TaxProf Blog

Editor: Paul L. Caron, Dean
Pepperdine University School of Law

Monday, March 5, 2012

Mandatory Arbitration Within Tax Treaties

Michelle Bertolini & Pamela Q. Weaver (both of University of Hartford, Barney School of Business), Mandatory Arbitration within Tax Treaties: A Need for a Coherent International Standard:

As businesses expand operations globally, the threat of double taxation on income earned becomes a significant concern. The current Mutual Agreement Procedures (MAP) within the tax treaties frequently fail to provide equitable relief, exposing taxpayers to uncertain outcomes. The uncertainty causes compliance considerations under FAS 109, Accounting for Income Taxes and FIN 48, Accounting for Uncertainty in Income Taxes. In July 2008, the OECD Model Tax Convention began including a mandatory arbitration provision for taxpayers failing to reach agreement under MAP. The U.S. Model, while beginning to shift towards including non-binding arbitration in some of the later treaties, still relies on the voluntary MAP proceedings for resolution of disagreements.

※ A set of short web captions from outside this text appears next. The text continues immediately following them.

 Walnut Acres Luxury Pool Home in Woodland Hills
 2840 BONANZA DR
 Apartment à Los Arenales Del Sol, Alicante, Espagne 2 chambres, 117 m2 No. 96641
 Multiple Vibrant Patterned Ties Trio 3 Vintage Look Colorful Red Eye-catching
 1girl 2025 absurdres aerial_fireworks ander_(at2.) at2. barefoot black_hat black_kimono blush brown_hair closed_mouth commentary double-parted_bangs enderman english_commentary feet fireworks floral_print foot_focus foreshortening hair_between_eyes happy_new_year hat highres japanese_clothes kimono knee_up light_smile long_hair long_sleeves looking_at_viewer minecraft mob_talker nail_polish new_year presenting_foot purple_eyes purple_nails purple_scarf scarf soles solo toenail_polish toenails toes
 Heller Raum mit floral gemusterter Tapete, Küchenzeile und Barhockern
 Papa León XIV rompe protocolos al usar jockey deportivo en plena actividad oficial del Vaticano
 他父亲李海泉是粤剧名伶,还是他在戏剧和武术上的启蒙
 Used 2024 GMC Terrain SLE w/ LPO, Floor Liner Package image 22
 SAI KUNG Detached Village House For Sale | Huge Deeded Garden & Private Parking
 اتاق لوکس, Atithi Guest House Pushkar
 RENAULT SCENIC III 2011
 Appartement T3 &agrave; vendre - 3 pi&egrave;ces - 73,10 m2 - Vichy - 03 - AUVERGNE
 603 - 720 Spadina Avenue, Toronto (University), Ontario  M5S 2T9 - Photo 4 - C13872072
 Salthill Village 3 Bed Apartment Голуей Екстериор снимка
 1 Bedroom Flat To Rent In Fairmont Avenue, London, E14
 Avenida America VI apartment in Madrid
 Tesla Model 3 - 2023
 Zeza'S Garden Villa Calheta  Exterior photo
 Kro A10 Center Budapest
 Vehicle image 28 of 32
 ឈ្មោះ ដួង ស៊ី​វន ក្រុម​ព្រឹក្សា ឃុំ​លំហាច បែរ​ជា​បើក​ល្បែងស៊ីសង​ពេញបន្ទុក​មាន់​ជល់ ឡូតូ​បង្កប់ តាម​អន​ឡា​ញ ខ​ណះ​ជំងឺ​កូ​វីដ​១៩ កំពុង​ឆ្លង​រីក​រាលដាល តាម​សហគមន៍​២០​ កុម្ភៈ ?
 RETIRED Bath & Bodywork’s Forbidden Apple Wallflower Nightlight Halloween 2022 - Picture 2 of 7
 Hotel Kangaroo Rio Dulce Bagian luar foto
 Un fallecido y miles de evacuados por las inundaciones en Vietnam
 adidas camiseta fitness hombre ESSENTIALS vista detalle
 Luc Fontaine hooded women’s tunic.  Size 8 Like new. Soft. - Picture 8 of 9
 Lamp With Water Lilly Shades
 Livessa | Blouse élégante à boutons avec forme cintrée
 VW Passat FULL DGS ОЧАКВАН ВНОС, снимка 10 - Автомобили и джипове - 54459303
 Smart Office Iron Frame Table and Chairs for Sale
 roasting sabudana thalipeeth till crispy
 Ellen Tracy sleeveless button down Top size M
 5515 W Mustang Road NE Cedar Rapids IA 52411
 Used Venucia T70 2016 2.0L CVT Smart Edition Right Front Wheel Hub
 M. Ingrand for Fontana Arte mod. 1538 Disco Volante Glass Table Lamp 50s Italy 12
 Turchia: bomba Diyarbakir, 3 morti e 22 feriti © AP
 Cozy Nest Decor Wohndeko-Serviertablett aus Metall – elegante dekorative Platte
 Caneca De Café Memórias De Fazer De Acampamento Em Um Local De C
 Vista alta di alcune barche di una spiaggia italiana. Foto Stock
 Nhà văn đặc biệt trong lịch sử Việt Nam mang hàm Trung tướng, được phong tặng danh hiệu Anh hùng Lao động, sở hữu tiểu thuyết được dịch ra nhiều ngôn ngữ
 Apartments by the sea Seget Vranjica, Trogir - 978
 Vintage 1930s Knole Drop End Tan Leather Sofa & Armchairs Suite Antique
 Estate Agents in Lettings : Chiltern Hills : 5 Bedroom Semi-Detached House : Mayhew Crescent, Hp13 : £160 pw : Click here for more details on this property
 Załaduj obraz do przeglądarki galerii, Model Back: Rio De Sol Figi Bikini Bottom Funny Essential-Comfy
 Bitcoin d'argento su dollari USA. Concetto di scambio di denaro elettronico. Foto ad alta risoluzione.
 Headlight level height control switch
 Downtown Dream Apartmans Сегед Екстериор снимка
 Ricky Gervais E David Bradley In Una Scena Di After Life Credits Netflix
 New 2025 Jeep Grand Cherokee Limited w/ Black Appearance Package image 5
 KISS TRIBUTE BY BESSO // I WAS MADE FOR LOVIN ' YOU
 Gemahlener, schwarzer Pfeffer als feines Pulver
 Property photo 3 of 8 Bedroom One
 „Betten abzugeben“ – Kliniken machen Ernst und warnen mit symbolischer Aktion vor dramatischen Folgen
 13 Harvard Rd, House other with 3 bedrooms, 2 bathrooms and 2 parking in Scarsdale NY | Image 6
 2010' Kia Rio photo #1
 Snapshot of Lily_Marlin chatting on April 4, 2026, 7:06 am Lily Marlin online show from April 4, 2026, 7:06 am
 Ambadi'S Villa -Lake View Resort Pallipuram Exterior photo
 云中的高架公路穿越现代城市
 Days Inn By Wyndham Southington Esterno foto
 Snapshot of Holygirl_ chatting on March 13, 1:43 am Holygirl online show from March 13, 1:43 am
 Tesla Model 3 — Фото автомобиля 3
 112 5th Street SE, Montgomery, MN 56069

Data provided by the U.S. Treasury indicated that a wide range of taxpayer income covered by the U.S. treaties failed to receive partial or full relief from double taxation. The movement towards international accounting standards under IFRS provides the impetus to develop a universal procedure for avoiding double taxation. The U.S. should consider adopting the OECD Model Tax Convention for all tax treaties to remove the uncertainty of double taxation and promote international trade.